With a quick glance at the food on her fork, I returned my attention to her face so as not to miss a single change in her expression.

It’d been almost four weeks since the night of her leilatha fitting, and I’d dedicated a lot of that time to catch and study the meaning of her many smiles.

“No. Thank you,” I declined her offering of the cooked pepper. “I prefer my food to be less wet.”

“Less wet?” She laughed.

I noted she’d been doing it more frequently lately—smiling with her eyes not just with her lips and laughing with all her heart.

“Like this then?” She lifted the thick slice of buttered bread from the tray in her lap.

“No. That’s too dry.” I shook my head, pointing at the fried rice on her plate. “This would be more suitable for my preferences. ”

“You like rice?” Dropping the pepper back onto the plate, she gathered a forkful of rice for me.

“I prefer rice,” I corrected. “‘Like’ implies pleasure, which I don’t derive from any food the way you do.”

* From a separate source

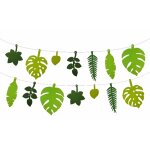 Guirlande de feuilles tropicales vertes en carton 3, 5m Guirlande de feuilles tropicales vertes en carton 3, 5m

“Why do you prefer rice to everything else?”

I shrugged. “It’s the texture, I guess. It's most agreeable with my tastes.”

“Is the texture the only thing you care about in a food?” She lifted the fork with rice to my lips.

I flicked the slice of cooked mushroom from the fork before taking the rest in my mouth.

“What’s wrong with mushrooms?” She gazed at me with amazement.

“Too slimy,” I said after swallowing. “I prefer mushrooms and vegetables ground into the rice, not cooked in pieces like that.”

She laughed, tossing back her braids.

“For someone who can’t taste any flavor, you’re a pretty picky eater, Kurai.”

I paused in appreciation of her laughter. Thankfully, Sefri had been too busy, matching other Joy Vessels to the nobles of the royal court. Otherwise, she would’ve noticed that joy had been returning to Ciana, and I would’ve probably lost the privilege of sharing meals with her by now.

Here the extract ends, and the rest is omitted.